Conan: Really? So they just put alot of mousse and gel in there?
Russell: Uhh, yeah. And sort of like a very light liquid cement thing.
Conan: I use that too. It's very helpful.
Russell: Industrial strength.
Conan: Yeah. Now, in this movie, you mention, uh, you bring up the point. You play a guy who has been put together. You're a composite of a hundred and eighty-three of the world's worst serial killers.
Russell: Yeah, it's a little broader than that. I mean it is based the majority on killers, people like Richard Specs,uh, Eileen Warnotz, Berkowitz, Dahmer, Bundy. But then you have like uh, political figures like Hitler and Stalin,uhh..
Conan: So it's a fun guy to have around.[audience laughs]. It's a lot of fun at a party.
Russell: It's also balanced. I mean there's a little bit of Nancy Reagan, there's a little bit of my dentist.
Conan: Hey! My god! Leave your dentist out of this![audience and Russell laugh] Really? You threw him in there too?
Russell: Well, I mean this is a very mean character you're talking about, and I don't think anyone that mean is going to kill that many people can actually survive without having just a touch of the old dentist.
Conan: Yeah, [laughs], does a little molar work in his spare time.
Russell: [laughs], a root canal.
Conan: Now, so as an actor, how do you approach that when they tell, well basically what's my character gonna say, a hundred and eighty-three of the world's worst serial killers. I mean, so you're just trying to act as completely evil as you can, right? The whole two hours of the movie.
Russell: Ummm...not necessarily. The research you do within the individual characters is find the little personality things that you can use, little kinda statements that people have made about themselves, and all that sort of stuff. And you sort of apply them all together. But the main thing about SID tho', is within the program there's no sort of silly things like regret, conscience, human remorse, anything like that, so basically the platform you jump off is just pure enjoyment, where terrorizing the piss out of people is absolutely funny.[audience laughs, except for one guy who cheers]
Conan: He just loves that.[more laughter]
Russell: [waving arm in direction of guy who cheered] See? everybody knows that!
Conan: You hit a nerve, yeah. One guy liked that a little TOO much in the audience. Yeah! Finally! Someone with MY philosophy....Now, uh, you had to do a screen test for this movie? Cos Denzel Washington, big star, one of the biggest stars going right now. What was that like?

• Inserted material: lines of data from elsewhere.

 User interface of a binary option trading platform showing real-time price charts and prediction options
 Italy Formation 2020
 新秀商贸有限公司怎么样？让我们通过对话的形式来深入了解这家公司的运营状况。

Russell: uhh, well see I met the director first, seven months before we actually shot. It took him seven months to convince the studio that they should use me. And the last part of that was doing a screen test with Denzel. And the very first thing we did was this scene where there's like this wire cage between us, and the first time I did it sort of low-key, and all that sort of stuff. The second time, now I was going to pump it up a little bit. I'm gonna do a little bit of acting. So the director says 'action', and I jump down off this thing and start screaming at him, and the very first word I say, this little piece of spittle comes out of my mouth, and winds its way very athletically through the wire fence and goes [claps hand to mouth] onto Denzel's mouth.[audience laughs]
Conan: Oh my god![while laughing]
Russell: I've just met the guy.
Conan: You're trying to get a job, and you SPIT on Denzel Washington.
Russell: And now see, 99% of actors, would have just been like out of there you know? He just stayed in there, cos he knows it's like my screen test, the camera is on me. So he's like right there, does the line. Absolutely cool. The director says 'cut', and he goes, 'oboolaboolaboola' [rubs at mouth frantically with both hands while shaking head. everyone laughs]. And then he looks at me very seriously and says, 'you know, I love the taste of warm saliva in the morning'.[Conan and audience laugh]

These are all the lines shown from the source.